**The task:**
Please take the records that follow and repeat exactly the lines starting with the line with "Cuffie Antirumore Bluetooth" and going on through the line with "56 Pieces Kids".

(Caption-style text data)
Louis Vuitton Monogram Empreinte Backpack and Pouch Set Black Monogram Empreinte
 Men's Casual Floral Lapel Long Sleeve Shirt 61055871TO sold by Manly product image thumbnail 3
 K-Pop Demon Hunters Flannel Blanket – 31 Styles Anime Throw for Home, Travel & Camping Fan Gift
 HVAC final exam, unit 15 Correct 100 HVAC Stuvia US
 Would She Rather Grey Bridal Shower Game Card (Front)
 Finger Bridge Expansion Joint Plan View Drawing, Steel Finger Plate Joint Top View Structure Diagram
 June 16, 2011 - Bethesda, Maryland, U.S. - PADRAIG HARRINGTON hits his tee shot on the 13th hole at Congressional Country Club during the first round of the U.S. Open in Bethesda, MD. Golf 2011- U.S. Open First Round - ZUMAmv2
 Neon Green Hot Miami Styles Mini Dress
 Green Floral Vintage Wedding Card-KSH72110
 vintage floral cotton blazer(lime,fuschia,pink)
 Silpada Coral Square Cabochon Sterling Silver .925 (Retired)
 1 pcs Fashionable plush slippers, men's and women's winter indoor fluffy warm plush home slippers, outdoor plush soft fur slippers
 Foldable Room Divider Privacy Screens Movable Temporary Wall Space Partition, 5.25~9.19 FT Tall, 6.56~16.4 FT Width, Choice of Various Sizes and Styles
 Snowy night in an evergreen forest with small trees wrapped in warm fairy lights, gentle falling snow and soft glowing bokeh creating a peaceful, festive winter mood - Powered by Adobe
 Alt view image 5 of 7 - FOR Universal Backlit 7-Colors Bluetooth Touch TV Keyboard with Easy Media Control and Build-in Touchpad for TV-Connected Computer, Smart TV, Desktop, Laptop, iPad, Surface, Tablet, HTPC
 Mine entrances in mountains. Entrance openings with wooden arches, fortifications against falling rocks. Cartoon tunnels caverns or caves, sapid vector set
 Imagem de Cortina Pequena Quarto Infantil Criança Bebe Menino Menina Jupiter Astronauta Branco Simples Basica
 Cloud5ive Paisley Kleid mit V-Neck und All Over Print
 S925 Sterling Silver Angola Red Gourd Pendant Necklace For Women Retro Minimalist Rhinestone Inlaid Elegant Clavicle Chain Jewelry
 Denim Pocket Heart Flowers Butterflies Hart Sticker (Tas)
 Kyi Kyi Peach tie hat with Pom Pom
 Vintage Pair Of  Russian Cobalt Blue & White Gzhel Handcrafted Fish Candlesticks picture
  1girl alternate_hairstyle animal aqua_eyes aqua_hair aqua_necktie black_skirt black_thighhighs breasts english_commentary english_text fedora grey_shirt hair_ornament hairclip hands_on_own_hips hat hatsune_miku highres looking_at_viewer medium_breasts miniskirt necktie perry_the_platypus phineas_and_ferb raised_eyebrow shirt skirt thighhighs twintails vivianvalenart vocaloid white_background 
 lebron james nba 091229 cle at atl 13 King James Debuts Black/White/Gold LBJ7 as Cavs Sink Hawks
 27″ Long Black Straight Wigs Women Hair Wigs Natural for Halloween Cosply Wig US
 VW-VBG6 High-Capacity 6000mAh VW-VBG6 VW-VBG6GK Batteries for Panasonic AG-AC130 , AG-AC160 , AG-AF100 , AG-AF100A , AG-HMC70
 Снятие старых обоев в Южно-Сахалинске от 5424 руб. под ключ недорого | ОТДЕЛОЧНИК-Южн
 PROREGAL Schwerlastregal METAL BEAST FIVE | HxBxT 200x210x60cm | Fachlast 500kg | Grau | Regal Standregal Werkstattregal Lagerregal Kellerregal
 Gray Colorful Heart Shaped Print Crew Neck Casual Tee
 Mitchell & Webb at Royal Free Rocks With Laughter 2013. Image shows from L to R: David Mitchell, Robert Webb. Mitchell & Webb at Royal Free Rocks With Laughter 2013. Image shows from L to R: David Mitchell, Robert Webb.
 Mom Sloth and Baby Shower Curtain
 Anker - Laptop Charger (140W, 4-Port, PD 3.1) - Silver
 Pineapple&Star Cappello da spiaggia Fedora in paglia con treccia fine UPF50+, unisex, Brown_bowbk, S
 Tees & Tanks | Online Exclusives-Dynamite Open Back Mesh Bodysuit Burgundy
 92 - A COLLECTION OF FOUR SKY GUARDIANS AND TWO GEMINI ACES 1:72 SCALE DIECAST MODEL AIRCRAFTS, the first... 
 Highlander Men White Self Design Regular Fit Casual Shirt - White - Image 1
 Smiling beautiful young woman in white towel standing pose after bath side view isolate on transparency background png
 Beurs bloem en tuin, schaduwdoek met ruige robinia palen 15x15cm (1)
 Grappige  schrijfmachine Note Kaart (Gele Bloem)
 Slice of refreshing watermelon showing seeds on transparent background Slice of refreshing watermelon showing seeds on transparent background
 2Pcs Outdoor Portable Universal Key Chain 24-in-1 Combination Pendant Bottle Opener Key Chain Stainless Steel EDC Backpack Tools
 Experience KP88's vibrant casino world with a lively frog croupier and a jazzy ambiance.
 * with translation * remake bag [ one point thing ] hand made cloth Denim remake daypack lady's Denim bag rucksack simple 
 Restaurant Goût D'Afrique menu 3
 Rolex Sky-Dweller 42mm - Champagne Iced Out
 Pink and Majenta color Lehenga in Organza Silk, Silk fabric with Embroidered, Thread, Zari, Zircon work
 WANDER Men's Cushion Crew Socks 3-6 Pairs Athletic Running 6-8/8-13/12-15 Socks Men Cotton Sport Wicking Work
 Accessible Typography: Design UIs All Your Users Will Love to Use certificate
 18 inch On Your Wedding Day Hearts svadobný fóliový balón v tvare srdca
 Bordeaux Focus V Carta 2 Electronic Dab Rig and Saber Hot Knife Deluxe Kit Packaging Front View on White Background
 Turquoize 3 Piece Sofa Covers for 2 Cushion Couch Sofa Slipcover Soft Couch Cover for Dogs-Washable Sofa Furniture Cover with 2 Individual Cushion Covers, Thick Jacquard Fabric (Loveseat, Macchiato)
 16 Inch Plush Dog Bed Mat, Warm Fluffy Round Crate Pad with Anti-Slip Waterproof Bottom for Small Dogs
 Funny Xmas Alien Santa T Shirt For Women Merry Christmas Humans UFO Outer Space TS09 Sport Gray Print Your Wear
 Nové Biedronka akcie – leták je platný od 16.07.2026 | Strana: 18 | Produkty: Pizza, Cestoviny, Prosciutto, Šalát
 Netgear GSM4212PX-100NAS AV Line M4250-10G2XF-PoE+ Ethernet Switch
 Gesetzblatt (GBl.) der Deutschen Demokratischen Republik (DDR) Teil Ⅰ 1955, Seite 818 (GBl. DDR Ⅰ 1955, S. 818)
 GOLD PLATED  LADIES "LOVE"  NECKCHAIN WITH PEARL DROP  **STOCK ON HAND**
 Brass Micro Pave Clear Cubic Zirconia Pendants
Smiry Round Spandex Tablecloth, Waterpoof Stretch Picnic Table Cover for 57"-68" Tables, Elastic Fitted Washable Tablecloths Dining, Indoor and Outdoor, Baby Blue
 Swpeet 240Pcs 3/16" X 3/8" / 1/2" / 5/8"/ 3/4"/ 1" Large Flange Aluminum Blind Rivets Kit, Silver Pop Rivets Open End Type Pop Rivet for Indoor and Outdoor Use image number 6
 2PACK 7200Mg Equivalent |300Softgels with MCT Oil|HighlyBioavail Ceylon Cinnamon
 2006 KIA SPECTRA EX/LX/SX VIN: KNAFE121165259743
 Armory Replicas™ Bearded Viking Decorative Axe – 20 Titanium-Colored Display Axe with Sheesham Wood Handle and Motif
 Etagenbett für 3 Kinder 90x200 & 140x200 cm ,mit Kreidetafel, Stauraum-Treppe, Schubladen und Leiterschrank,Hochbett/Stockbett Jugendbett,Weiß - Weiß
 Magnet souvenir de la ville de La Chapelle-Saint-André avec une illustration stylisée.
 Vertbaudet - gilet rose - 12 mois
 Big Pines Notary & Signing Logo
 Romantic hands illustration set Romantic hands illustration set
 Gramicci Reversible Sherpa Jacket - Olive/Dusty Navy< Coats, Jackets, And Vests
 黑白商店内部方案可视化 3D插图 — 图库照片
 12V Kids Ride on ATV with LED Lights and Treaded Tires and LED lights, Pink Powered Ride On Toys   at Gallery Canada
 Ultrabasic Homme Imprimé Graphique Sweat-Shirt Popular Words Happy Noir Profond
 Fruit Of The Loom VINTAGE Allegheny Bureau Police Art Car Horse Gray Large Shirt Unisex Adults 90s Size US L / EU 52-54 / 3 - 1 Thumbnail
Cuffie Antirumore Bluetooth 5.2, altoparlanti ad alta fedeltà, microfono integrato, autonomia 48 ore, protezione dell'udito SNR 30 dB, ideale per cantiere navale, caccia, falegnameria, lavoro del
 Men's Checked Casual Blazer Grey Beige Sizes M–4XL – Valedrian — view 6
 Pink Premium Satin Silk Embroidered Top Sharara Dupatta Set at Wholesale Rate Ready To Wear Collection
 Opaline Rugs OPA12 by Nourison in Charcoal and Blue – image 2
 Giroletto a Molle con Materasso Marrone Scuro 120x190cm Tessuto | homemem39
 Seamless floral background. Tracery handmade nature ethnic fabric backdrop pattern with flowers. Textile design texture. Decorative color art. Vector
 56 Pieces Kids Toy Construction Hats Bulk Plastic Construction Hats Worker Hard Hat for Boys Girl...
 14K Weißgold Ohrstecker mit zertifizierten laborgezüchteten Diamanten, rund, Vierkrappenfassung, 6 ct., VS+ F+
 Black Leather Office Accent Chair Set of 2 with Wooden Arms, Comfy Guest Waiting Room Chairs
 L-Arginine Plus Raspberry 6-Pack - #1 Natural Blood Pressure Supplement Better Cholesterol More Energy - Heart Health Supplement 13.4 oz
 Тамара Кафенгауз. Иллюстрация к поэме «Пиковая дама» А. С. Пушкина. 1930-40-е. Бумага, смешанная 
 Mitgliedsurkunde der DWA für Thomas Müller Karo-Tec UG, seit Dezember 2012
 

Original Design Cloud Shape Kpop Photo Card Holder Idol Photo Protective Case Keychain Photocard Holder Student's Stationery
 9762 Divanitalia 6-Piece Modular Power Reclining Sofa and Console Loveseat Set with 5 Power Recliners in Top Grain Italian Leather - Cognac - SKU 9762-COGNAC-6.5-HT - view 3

**Exercise response:**
Cuffie Antirumore Bluetooth 5.2, altoparlanti ad alta fedeltà, microfono integrato, autonomia 48 ore, protezione dell'udito SNR 30 dB, ideale per cantiere navale, caccia, falegnameria, lavoro del
 Men's Checked Casual Blazer Grey Beige Sizes M–4XL – Valedrian — view 6
 Pink Premium Satin Silk Embroidered Top Sharara Dupatta Set at Wholesale Rate Ready To Wear Collection
 Opaline Rugs OPA12 by Nourison in Charcoal and Blue – image 2
 Giroletto a Molle con Materasso Marrone Scuro 120x190cm Tessuto | homemem39
 Seamless floral background. Tracery handmade nature ethnic fabric backdrop pattern with flowers. Textile design texture. Decorative color art. Vector
 56 Pieces Kids Toy Construction Hats Bulk Plastic Construction Hats Worker Hard Hat for Boys Girl...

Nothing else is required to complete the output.